(Captioned web images)

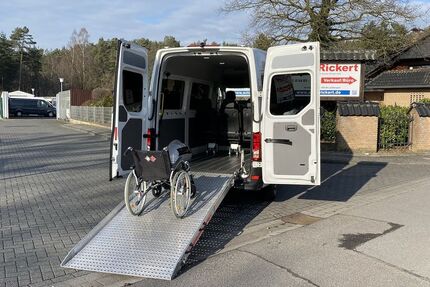 VW Crafter 14.100 km 52.490 &euro; Ladbergen 49549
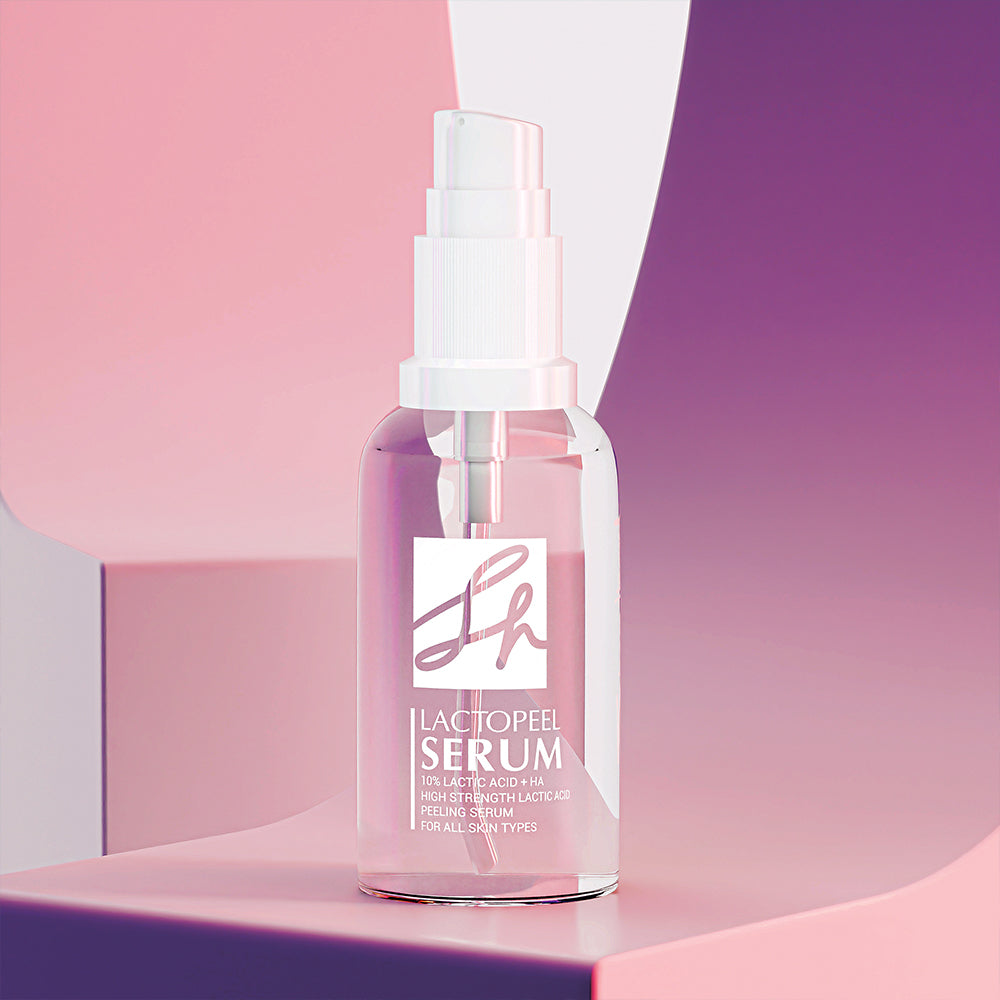 BBA SH LACTIC ACID SERUM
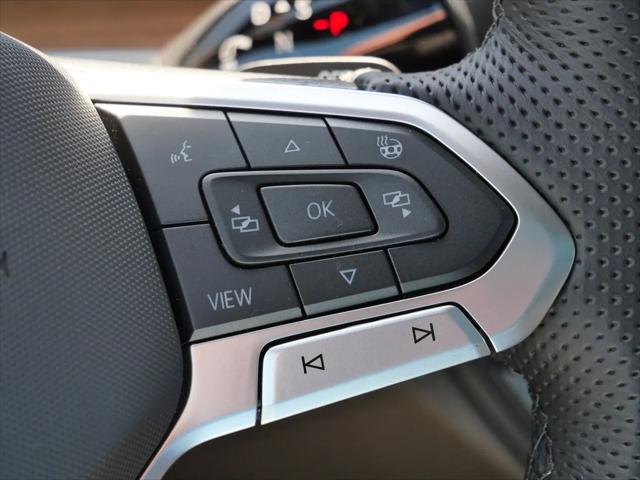 2026 Volkswagen Tiguan SEL R-Line Turbo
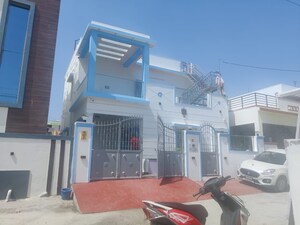 2 BHK Independent House – Exterior View View at Bathlapalli - for Sale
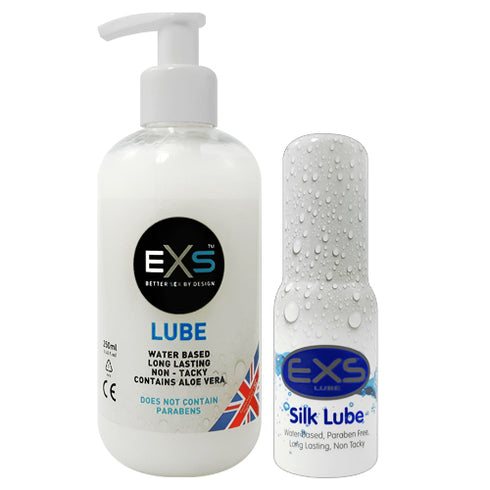 EXS Silk Lube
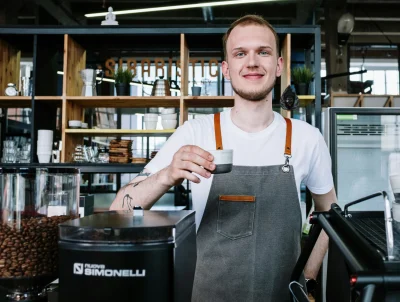 Coffee Shops Open Late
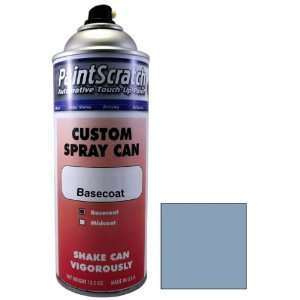 Can of Indigo Blue Metallic Touch Up Paint for 1996 Ford Bronco (color 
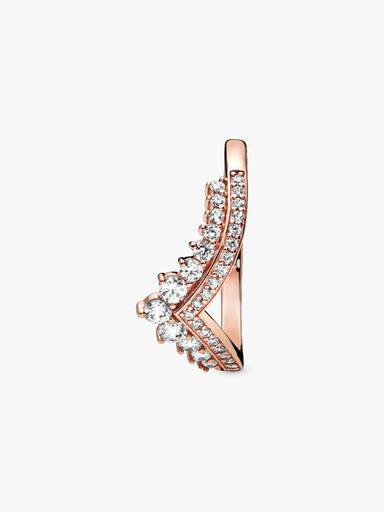 Princess Wishbone Ring - Image 6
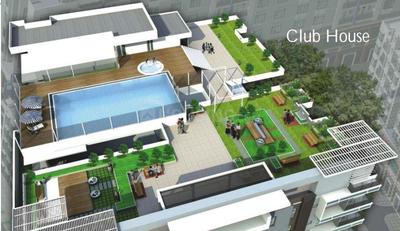 Project Image of 2496.0 - 3607.0 Sq.ft 3 BHK Apartment for buy in RDB Blue Hope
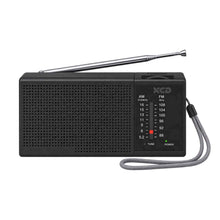 XCD AM/FM Clock Radio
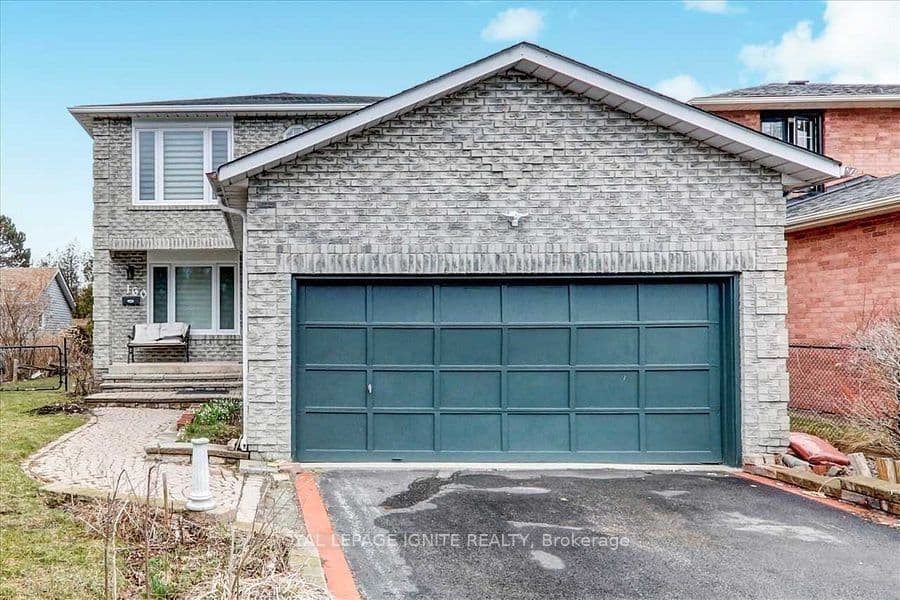 160 Twyn Rivers Drive, Pickering, ON L1V 1E2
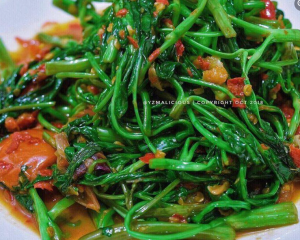 Resep Kangkung Belacan untuk Menu Buka Puasa Simpel, Jangan Cuma Gorengan Aja! 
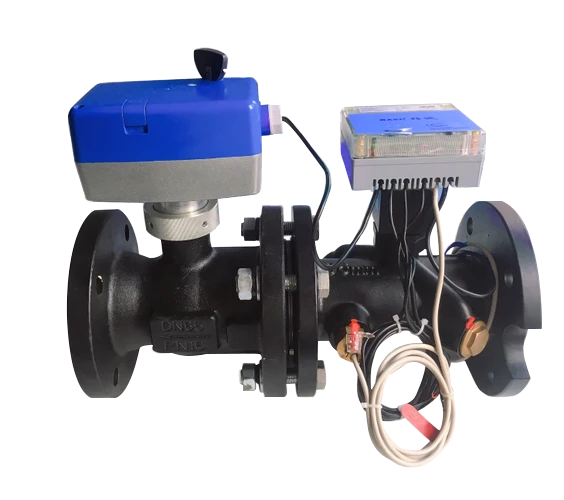 SLD-NF Series Intelligent Control Valve SLD-NF Series Intelligent Control Valve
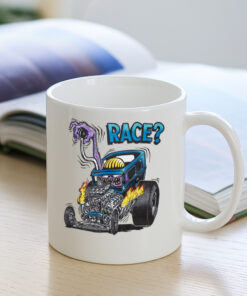 ratfink race Mug 3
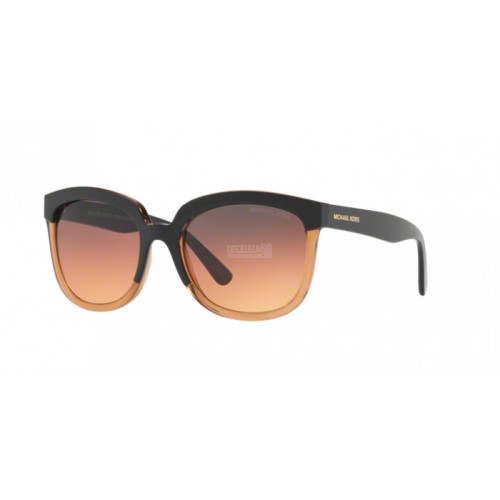Occhiale da Sole Michael Kors 0MK2060 PALMA - BLACK/AMBER CRYSTAL 3319H4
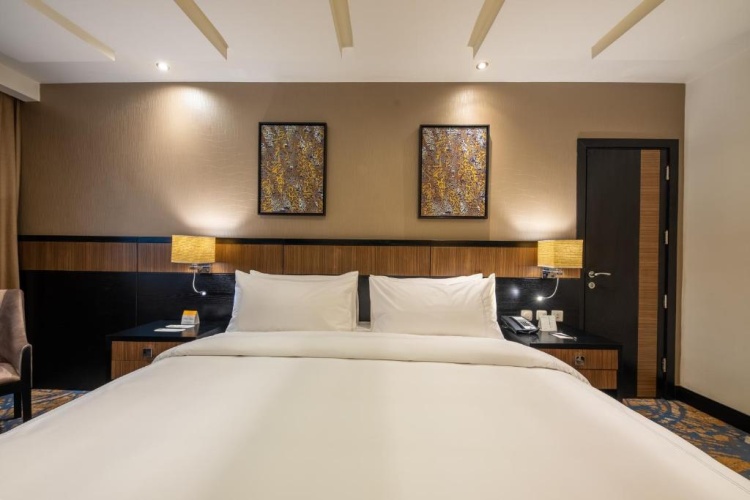 Double Junior Suite
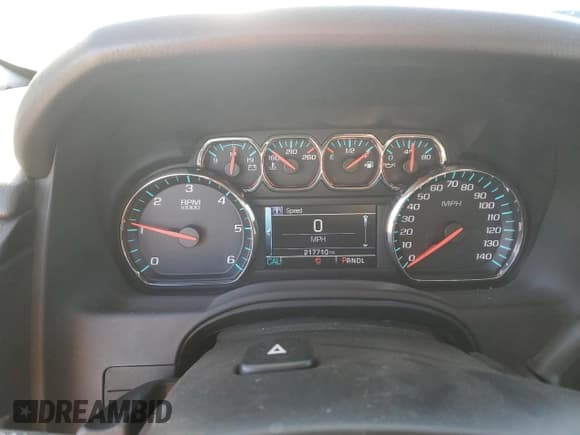 ✅ 2020 Chevrolet Suburban LT • VIN: 1GNSKHKC3LR270601 • Лот: 87431125. Опубликован ранее на Copart с пробегом 217 710 миль. Бесплатный доступ к архиву аукционных продаж из США и подробный отчёт об истории автомобиля на DreamBid. Изображение 9.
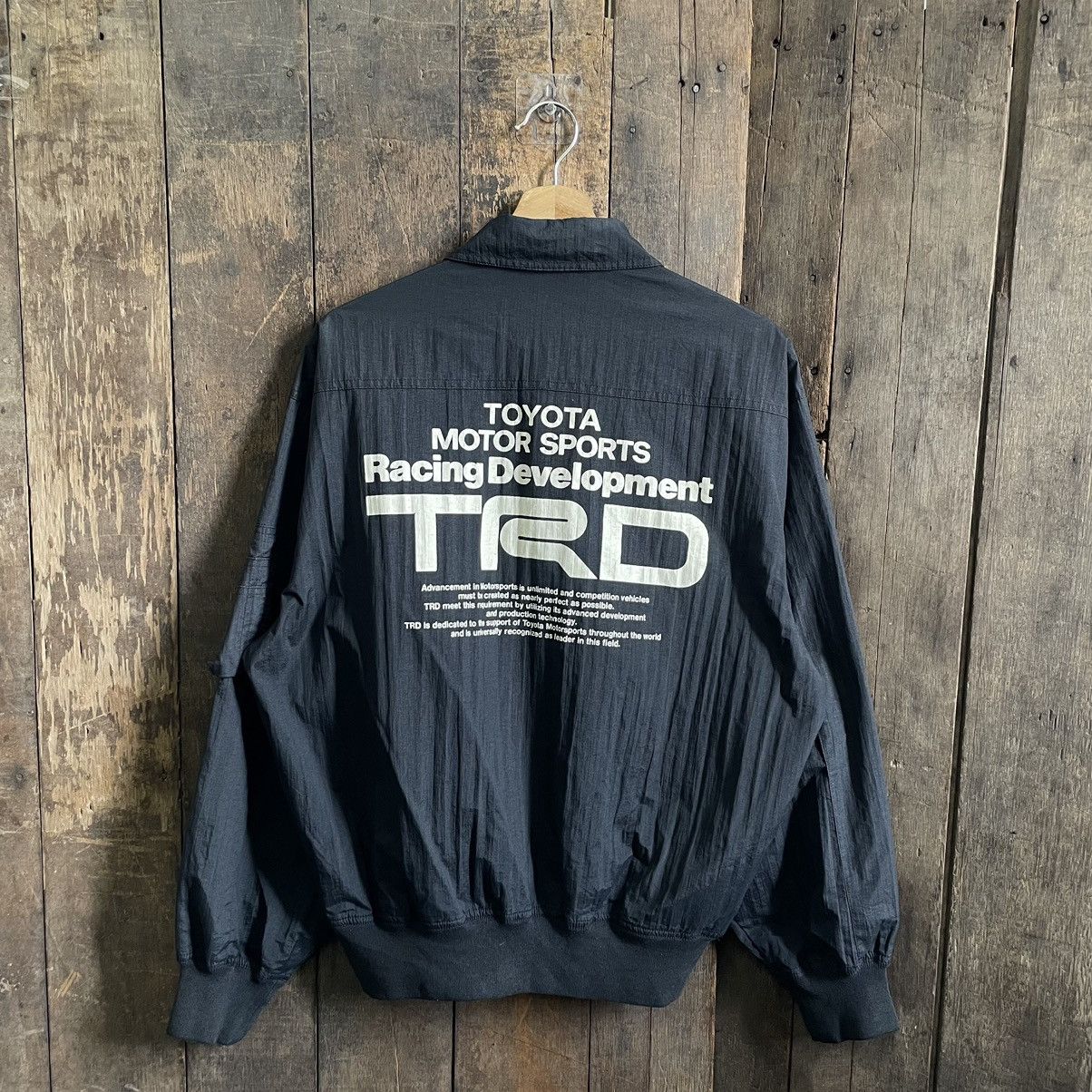 Sports Specialties Vintage Toyota TRD Racing Development Jacket Size US M / EU 48-50 / 2 - 1 Thumbnail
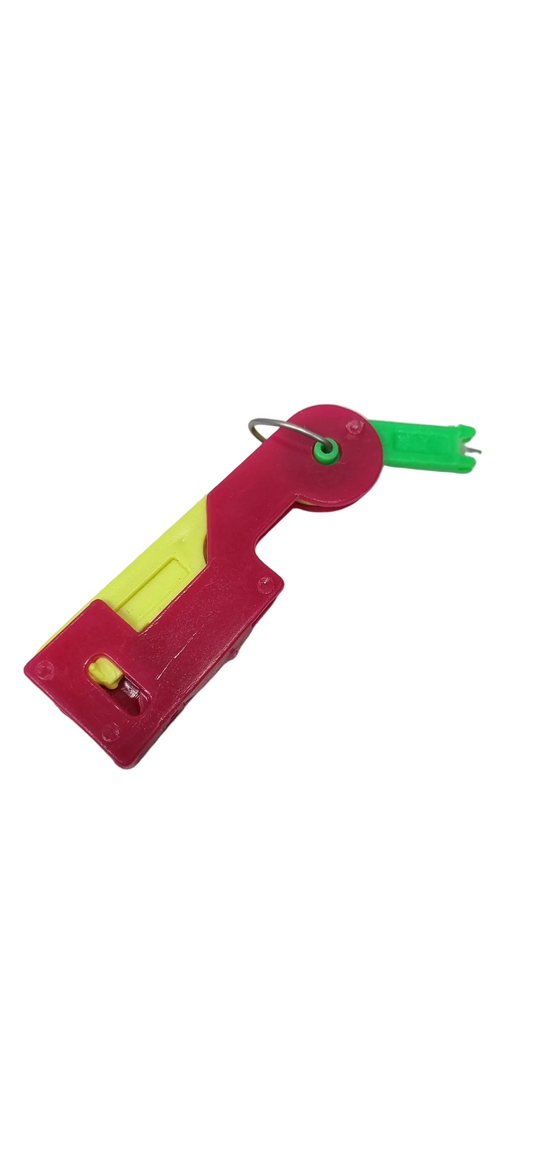 Enhebrador Manual Automático (Colores) Unidad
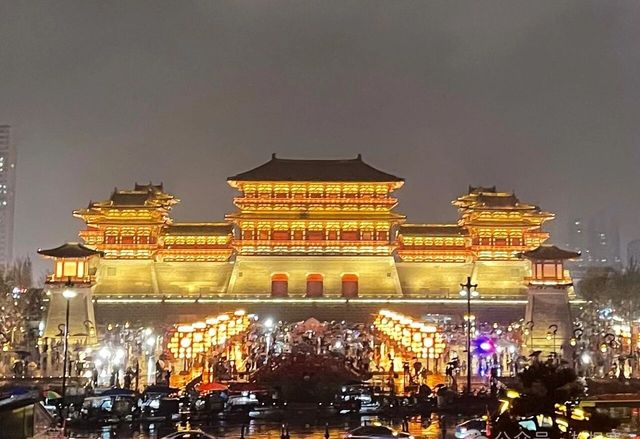 洛陽奇幻之旅|漫步武則天的天堂明堂 洛陽奇幻之旅|漫步武則天的天堂明堂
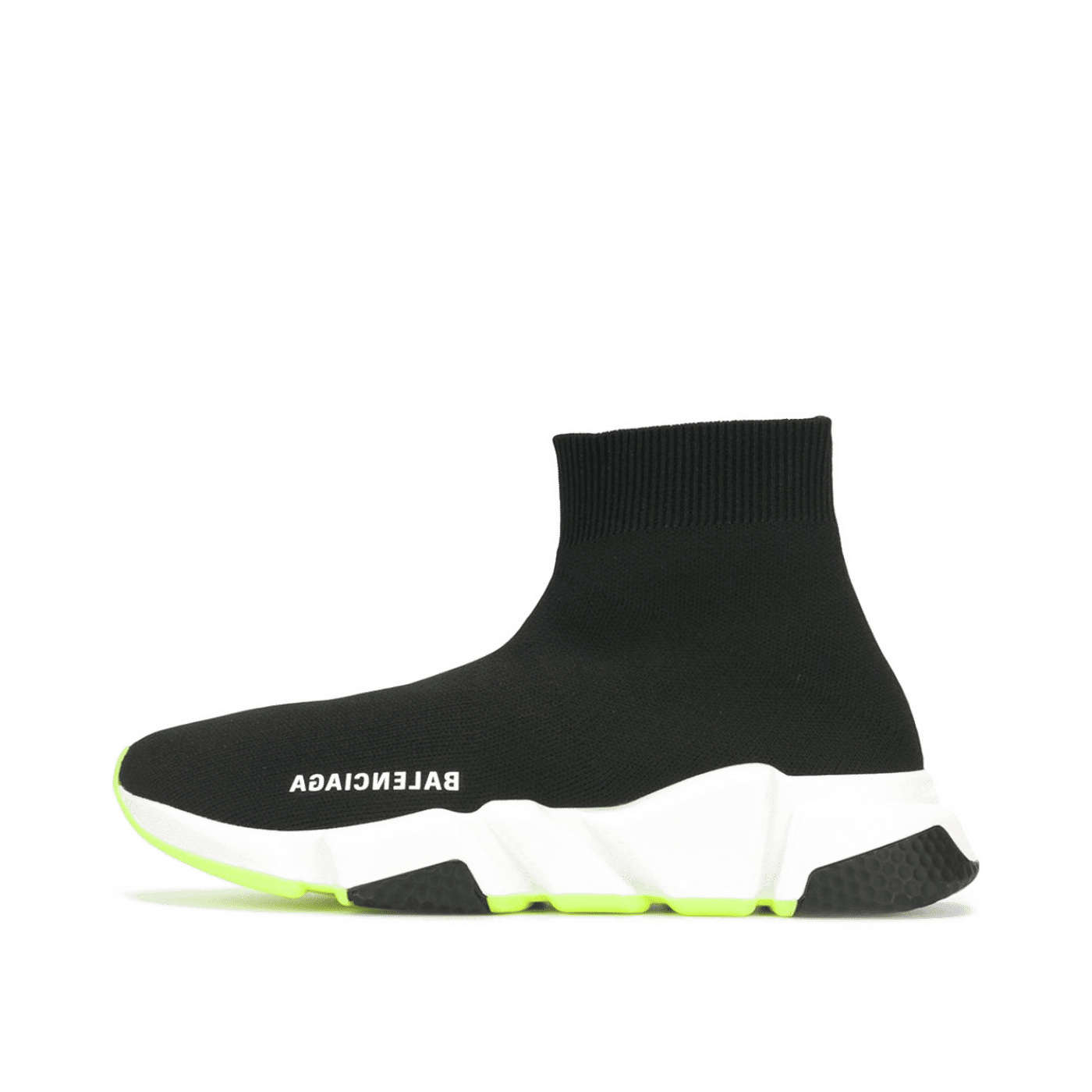 Balenciaga Speed Trainer Yellow Sole (W) 551185 W05G0 1000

Assignment — Word for word, print all of the data; skip the pictures.

Exercise answer —
 VW Crafter 14.100 km 52.490 &euro; Ladbergen 49549
 BBA SH LACTIC ACID SERUM
 2026 Volkswagen Tiguan SEL R-Line Turbo
 2 BHK Independent House – Exterior View View at Bathlapalli - for Sale
 EXS Silk Lube
 Coffee Shops Open Late
 Can of Indigo Blue Metallic Touch Up Paint for 1996 Ford Bronco (color 
 Princess Wishbone Ring - Image 6
 Project Image of 2496.0 - 3607.0 Sq.ft 3 BHK Apartment for buy in RDB Blue Hope
 XCD AM/FM Clock Radio
 160 Twyn Rivers Drive, Pickering, ON L1V 1E2
 Resep Kangkung Belacan untuk Menu Buka Puasa Simpel, Jangan Cuma Gorengan Aja! 
 SLD-NF Series Intelligent Control Valve SLD-NF Series Intelligent Control Valve
 ratfink race Mug 3
Occhiale da Sole Michael Kors 0MK2060 PALMA - BLACK/AMBER CRYSTAL 3319H4
 Double Junior Suite
 ✅ 2020 Chevrolet Suburban LT • VIN: 1GNSKHKC3LR270601 • Лот: 87431125. Опубликован ранее на Copart с пробегом 217 710 миль. Бесплатный доступ к архиву аукционных продаж из США и подробный отчёт об истории автомобиля на DreamBid. Изображение 9.
 Sports Specialties Vintage Toyota TRD Racing Development Jacket Size US M / EU 48-50 / 2 - 1 Thumbnail
 Enhebrador Manual Automático (Colores) Unidad
 洛陽奇幻之旅|漫步武則天的天堂明堂 洛陽奇幻之旅|漫步武則天的天堂明堂
 Balenciaga Speed Trainer Yellow Sole (W) 551185 W05G0 1000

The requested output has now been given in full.